Bruce D'Arcus wrote:
>
> On Dec 22, 2006, at 4:08 PM, Bruce D'Arcus wrote:
>
>> The literal "important" is a property of the resource identified by 
>> the URI <http://ex.net/Important>, which is in turn a property of the 
>> description of the content node. There is built-in indirection of 
>> sorts in the RDF model.
>
> E.g. the way you do it is to *use RDF*:
>
> <text:span xml:id="_foo1">This is an important and </text:span>
> <text:span xml:id="_foo2">divvikult</text:span>
> <text:span xml:id="_foo3"> text!</text:span>
>
> ... then:
>
>   <rdf:Description rdf:about="content.xml#_foo1">
>     <ex:status rdf:resource="http://ex.net/Important"/>
>   </rdf:Description>
>
>   <rdf:Description rdf:about="content.xml#_foo2">
>     <ex:status rdf:resource="http://ex.net/Important"/>
>   </rdf:Description>
>
>   <rdf:Description rdf:about="content.xml#_foo3">
>     <ex:status rdf:resource="http://ex.net/Important"/>
>   </rdf:Description>
>
> Three triples, about three separate resources. You really don't need 
> any complicated indirection beyond that (at least as I understand the 
> problem you presented).
>
> This is why I and others (like Florian) have consistently been asking 
> in these discussions: what is the subject you wish to describe? In 
> this case, it is three separate spans, each with their own (local) 

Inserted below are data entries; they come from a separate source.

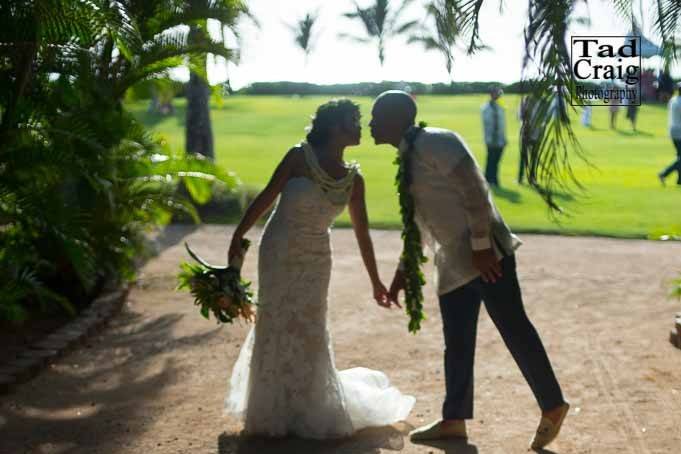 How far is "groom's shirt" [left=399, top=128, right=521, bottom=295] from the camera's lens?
17.1 ft

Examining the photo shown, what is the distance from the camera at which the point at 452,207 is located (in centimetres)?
537

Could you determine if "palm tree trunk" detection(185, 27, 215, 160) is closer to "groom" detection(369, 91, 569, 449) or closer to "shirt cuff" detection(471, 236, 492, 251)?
"groom" detection(369, 91, 569, 449)

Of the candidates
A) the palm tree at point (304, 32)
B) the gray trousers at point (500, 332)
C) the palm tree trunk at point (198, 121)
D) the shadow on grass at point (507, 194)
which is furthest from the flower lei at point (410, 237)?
the palm tree at point (304, 32)

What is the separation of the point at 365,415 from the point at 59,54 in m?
3.79

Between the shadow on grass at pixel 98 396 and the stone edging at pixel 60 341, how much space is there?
3.0 inches

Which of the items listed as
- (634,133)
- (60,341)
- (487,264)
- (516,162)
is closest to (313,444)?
(487,264)

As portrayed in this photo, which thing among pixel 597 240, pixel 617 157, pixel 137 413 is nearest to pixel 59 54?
pixel 137 413

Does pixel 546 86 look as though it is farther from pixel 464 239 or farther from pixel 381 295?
pixel 381 295

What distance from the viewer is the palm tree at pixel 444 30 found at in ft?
16.1

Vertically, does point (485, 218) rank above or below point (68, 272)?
above

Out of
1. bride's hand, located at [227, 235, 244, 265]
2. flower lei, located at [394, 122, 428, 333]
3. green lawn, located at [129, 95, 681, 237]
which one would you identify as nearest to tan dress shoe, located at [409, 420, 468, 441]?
flower lei, located at [394, 122, 428, 333]

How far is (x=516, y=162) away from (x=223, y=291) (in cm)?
2106

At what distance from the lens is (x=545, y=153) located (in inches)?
181

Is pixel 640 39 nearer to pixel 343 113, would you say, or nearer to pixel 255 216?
pixel 343 113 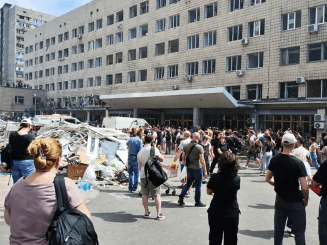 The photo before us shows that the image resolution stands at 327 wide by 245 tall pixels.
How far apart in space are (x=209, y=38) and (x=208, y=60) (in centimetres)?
220

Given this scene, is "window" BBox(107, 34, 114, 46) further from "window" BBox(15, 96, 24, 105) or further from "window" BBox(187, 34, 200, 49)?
"window" BBox(15, 96, 24, 105)

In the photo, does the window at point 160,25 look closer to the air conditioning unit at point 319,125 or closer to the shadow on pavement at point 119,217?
the air conditioning unit at point 319,125

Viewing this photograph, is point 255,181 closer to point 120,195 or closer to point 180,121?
Answer: point 120,195

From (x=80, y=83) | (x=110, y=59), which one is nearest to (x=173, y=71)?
(x=110, y=59)

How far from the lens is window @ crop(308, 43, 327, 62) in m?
24.0

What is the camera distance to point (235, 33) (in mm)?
29766

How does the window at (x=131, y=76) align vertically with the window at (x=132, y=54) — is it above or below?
below

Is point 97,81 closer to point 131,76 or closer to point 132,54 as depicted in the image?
point 131,76

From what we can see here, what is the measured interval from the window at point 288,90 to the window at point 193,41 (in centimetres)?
1018

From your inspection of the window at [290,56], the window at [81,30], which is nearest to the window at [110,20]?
the window at [81,30]

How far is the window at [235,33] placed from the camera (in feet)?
96.2

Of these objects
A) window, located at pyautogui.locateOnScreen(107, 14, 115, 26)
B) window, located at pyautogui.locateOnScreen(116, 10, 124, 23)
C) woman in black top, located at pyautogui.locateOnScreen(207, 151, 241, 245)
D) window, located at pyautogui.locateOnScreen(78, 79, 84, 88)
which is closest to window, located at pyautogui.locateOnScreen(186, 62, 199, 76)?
window, located at pyautogui.locateOnScreen(116, 10, 124, 23)

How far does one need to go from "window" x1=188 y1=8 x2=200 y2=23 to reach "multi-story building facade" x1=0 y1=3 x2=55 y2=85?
71.1 metres

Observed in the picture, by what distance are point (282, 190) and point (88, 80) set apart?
150 feet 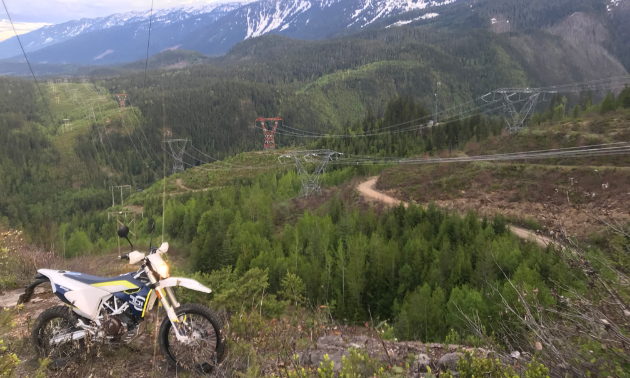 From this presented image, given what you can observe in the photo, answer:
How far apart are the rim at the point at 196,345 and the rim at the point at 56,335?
5.06 ft

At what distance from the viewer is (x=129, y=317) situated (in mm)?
5949

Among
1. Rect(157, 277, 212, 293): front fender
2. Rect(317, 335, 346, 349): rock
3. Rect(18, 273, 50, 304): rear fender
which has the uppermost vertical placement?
Rect(157, 277, 212, 293): front fender

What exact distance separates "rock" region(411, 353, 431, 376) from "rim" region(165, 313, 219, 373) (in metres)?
2.97

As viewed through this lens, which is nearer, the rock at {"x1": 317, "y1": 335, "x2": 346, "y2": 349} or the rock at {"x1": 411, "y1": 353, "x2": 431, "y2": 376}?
the rock at {"x1": 411, "y1": 353, "x2": 431, "y2": 376}

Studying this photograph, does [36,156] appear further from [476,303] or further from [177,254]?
[476,303]

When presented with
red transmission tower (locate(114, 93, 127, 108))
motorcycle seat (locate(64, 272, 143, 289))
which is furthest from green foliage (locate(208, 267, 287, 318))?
red transmission tower (locate(114, 93, 127, 108))

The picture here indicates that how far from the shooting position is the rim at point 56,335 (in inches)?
227

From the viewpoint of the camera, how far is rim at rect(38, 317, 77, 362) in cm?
577

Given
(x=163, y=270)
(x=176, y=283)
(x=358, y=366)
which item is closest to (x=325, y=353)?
(x=358, y=366)

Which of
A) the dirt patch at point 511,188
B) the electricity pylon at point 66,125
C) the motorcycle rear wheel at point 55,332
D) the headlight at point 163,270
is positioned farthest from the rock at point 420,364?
the electricity pylon at point 66,125

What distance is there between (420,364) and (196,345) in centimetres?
337

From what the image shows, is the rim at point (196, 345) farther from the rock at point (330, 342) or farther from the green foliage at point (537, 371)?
the green foliage at point (537, 371)

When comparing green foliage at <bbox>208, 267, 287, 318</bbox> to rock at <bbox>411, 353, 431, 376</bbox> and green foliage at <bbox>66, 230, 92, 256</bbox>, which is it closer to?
rock at <bbox>411, 353, 431, 376</bbox>

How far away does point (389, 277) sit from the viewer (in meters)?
25.5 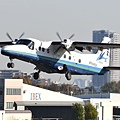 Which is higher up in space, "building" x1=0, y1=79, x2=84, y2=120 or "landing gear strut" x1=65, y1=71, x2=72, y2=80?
"landing gear strut" x1=65, y1=71, x2=72, y2=80

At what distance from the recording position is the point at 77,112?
131125mm

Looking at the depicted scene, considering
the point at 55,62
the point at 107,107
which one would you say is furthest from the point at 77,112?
the point at 55,62

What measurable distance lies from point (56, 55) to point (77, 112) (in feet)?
191

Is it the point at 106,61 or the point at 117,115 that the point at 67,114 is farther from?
the point at 106,61

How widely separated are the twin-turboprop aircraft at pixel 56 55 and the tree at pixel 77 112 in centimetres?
5007

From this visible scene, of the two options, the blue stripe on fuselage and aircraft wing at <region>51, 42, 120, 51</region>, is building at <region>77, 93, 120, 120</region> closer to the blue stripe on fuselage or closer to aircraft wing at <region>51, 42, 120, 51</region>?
the blue stripe on fuselage

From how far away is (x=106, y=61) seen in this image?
84438mm

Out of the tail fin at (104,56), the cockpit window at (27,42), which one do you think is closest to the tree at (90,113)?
the tail fin at (104,56)

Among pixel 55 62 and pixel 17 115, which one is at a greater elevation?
pixel 55 62

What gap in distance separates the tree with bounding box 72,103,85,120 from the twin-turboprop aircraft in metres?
50.1

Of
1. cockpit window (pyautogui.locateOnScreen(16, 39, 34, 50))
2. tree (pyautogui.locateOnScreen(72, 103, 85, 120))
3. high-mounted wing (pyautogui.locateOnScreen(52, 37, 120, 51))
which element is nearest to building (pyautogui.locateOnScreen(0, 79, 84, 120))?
tree (pyautogui.locateOnScreen(72, 103, 85, 120))

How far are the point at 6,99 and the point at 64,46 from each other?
62237 millimetres

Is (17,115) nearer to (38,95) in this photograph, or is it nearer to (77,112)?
(77,112)

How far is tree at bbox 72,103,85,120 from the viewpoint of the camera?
130 metres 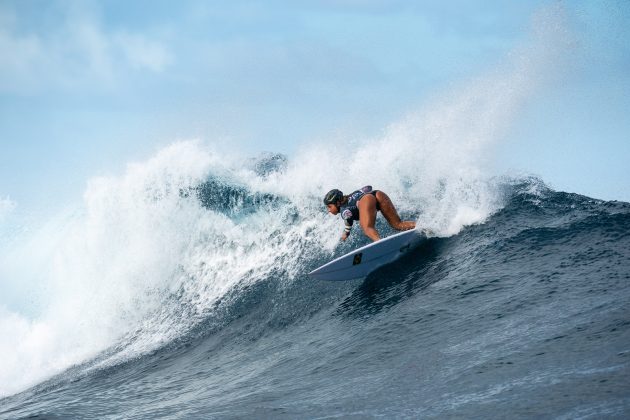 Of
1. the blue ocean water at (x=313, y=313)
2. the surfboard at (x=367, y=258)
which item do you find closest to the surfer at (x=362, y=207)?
the surfboard at (x=367, y=258)

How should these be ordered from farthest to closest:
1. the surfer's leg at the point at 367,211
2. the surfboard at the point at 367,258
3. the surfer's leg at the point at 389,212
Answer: the surfer's leg at the point at 389,212, the surfer's leg at the point at 367,211, the surfboard at the point at 367,258

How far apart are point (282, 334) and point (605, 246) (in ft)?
16.0

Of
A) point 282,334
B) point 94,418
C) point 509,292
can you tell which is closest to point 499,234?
point 509,292

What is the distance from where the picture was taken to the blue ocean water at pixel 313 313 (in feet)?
14.9

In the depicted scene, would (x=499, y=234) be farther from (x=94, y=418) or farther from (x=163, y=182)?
(x=163, y=182)

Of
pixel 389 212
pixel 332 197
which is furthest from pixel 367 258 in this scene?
pixel 332 197

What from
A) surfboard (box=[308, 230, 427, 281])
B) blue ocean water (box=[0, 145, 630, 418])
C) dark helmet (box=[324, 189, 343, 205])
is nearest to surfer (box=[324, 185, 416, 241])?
dark helmet (box=[324, 189, 343, 205])

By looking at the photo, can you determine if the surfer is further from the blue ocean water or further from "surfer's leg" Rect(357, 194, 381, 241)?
the blue ocean water

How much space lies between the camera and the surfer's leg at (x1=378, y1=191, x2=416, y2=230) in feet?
30.3

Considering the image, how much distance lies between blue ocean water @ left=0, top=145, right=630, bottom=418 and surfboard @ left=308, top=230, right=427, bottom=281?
215mm

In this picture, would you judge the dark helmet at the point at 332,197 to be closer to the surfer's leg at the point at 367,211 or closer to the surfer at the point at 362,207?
the surfer at the point at 362,207

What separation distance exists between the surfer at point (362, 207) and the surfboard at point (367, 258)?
23cm

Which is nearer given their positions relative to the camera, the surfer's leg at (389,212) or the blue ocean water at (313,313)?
the blue ocean water at (313,313)

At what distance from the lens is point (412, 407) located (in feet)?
14.2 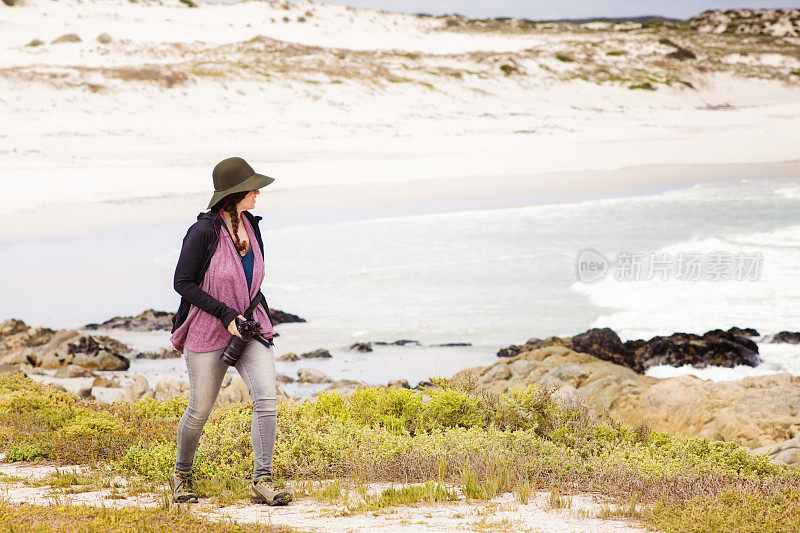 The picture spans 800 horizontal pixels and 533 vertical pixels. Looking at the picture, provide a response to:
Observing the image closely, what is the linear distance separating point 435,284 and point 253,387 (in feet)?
39.0

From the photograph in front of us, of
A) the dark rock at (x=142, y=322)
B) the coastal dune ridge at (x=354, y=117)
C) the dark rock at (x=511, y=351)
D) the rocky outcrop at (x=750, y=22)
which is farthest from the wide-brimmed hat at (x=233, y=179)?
the rocky outcrop at (x=750, y=22)

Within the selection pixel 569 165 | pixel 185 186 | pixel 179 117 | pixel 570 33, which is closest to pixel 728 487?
pixel 185 186

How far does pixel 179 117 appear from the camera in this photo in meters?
34.5

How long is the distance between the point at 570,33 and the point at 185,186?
72.8 metres

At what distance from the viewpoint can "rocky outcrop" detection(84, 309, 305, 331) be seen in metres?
14.0

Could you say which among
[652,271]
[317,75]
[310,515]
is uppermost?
[317,75]

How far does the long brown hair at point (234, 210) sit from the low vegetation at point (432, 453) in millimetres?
1612

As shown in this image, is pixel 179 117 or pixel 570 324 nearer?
pixel 570 324

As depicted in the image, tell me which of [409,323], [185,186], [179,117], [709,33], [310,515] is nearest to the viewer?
[310,515]

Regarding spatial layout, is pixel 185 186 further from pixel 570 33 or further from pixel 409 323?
pixel 570 33

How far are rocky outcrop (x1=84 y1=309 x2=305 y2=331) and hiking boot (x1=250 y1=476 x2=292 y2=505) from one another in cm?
886

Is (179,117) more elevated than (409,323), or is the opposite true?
(179,117)

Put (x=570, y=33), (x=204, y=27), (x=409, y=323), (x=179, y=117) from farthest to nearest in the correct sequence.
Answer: (x=570, y=33), (x=204, y=27), (x=179, y=117), (x=409, y=323)

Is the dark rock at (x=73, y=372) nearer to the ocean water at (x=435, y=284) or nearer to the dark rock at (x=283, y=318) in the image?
the ocean water at (x=435, y=284) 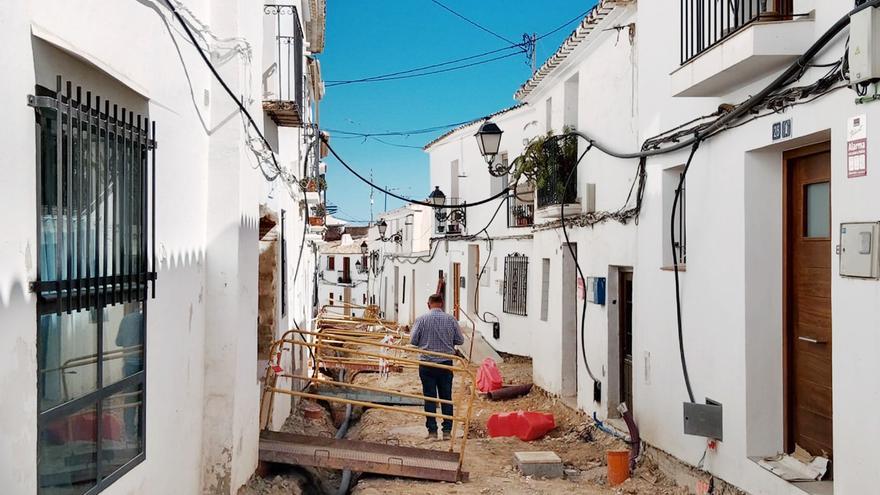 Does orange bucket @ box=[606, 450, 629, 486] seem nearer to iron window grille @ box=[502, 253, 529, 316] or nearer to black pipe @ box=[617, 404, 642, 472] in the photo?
black pipe @ box=[617, 404, 642, 472]

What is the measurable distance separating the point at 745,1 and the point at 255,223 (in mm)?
4444

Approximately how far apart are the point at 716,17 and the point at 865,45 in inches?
83.1

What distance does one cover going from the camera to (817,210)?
545 cm

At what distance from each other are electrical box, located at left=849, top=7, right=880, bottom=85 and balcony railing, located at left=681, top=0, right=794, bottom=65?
41.6 inches

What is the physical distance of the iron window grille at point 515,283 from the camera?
16.8 meters

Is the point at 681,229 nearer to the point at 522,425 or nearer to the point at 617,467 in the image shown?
the point at 617,467

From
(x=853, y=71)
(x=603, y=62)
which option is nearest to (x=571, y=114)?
(x=603, y=62)

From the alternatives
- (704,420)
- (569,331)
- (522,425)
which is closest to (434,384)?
(522,425)

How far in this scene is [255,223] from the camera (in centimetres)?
655

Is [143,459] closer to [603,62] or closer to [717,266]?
[717,266]

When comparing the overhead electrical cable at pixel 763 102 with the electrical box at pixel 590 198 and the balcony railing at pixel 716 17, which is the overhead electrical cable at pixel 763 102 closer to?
the balcony railing at pixel 716 17

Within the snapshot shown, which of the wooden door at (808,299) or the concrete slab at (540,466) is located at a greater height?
the wooden door at (808,299)

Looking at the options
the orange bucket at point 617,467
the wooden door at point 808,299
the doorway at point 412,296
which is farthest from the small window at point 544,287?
the doorway at point 412,296

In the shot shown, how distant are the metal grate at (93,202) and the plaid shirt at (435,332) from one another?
16.4 feet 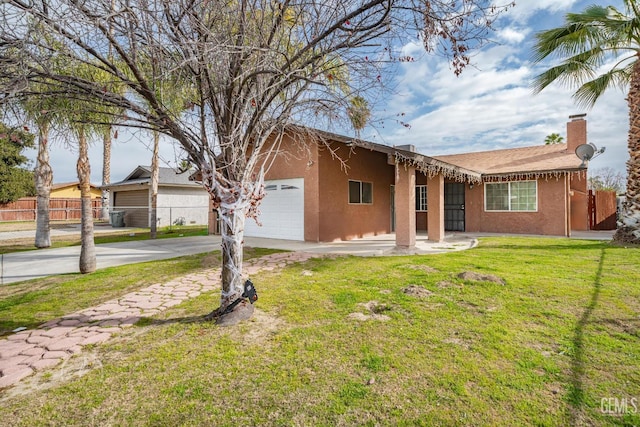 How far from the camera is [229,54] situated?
3666 mm

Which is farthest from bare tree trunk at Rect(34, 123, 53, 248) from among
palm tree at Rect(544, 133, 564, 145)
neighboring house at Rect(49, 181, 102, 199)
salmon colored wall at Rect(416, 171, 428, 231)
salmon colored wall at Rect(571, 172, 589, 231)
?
palm tree at Rect(544, 133, 564, 145)

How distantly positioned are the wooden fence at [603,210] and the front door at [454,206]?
5.76 meters

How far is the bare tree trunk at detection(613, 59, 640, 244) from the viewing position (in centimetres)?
947

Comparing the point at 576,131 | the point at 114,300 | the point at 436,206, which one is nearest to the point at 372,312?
the point at 114,300

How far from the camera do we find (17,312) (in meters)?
4.62

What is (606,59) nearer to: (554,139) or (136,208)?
(554,139)

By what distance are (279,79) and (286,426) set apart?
11.7 feet

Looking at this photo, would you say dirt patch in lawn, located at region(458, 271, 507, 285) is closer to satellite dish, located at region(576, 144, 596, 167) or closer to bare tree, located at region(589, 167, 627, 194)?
satellite dish, located at region(576, 144, 596, 167)

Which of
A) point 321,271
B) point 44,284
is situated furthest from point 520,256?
point 44,284

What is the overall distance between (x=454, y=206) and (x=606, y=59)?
7.32 meters

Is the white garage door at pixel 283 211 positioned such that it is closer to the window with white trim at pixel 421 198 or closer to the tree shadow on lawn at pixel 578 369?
the window with white trim at pixel 421 198

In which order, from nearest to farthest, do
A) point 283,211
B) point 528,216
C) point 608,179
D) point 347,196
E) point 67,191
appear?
point 347,196 → point 283,211 → point 528,216 → point 608,179 → point 67,191

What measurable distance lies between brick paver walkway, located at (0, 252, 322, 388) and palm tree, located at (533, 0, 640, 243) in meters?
11.4

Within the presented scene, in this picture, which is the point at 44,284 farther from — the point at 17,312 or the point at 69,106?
the point at 69,106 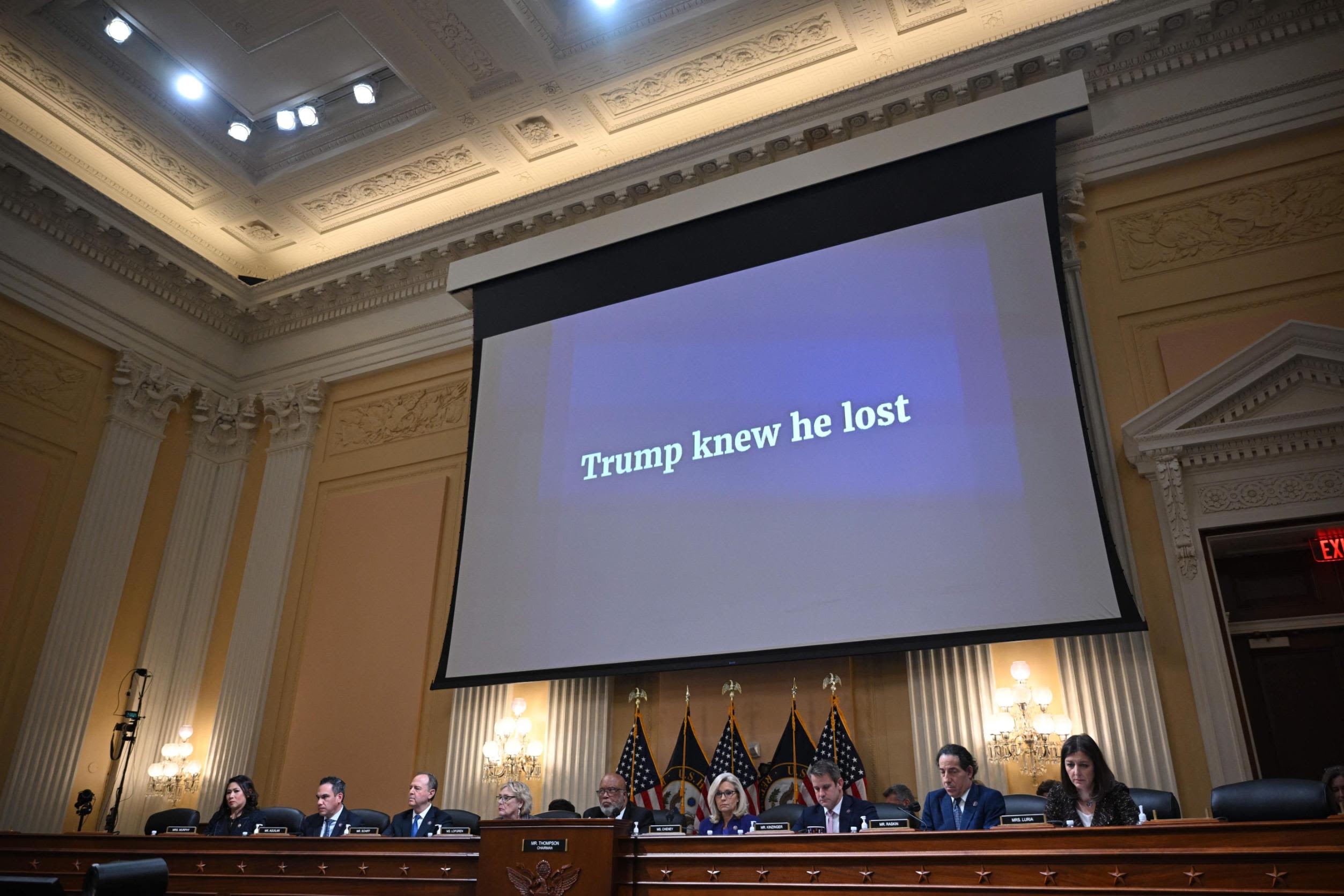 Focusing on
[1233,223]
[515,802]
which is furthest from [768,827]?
[1233,223]

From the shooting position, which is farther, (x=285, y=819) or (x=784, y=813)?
(x=285, y=819)

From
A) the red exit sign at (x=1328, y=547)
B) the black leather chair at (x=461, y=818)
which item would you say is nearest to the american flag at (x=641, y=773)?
the black leather chair at (x=461, y=818)

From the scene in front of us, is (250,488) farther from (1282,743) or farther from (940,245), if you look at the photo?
(1282,743)

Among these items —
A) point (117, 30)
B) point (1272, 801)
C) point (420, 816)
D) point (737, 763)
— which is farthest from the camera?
point (117, 30)

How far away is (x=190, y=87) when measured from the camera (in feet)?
26.6

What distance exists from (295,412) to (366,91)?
3168 mm

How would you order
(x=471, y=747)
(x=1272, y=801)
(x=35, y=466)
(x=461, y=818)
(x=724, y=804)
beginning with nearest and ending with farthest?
(x=1272, y=801) < (x=724, y=804) < (x=461, y=818) < (x=471, y=747) < (x=35, y=466)

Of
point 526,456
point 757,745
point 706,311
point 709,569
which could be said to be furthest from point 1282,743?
point 526,456

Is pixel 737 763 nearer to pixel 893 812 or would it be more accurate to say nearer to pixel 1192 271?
pixel 893 812

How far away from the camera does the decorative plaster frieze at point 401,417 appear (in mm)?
8609

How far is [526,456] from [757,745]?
9.04 ft

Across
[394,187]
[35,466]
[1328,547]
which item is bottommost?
[1328,547]

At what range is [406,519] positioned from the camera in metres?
8.30

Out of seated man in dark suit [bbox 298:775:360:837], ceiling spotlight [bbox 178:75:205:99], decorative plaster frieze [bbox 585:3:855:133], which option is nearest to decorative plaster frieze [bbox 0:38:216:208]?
ceiling spotlight [bbox 178:75:205:99]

> URI. That they each have the same properties is irrelevant; they are 
> three different statements.
>
> Or I suppose (though I'd need to think on it some more) you could also 
> define a style and include in the style definition:
>
>     meta:class="http://ex.net/ImportantParagraph";
>
> Bruce
>
Hi Bruce,

thanks a lot for the examples.
Obviously my example could have been chosen better as what I intended to 
show, was an example of a literal to be referenced from the metadata, 
which only makes sense in it's full length. Imagine a name, quote, which 
looses his semantic when it's string is reduced.  There should be a nice 
example where the literal has to be split, someone help me out on this?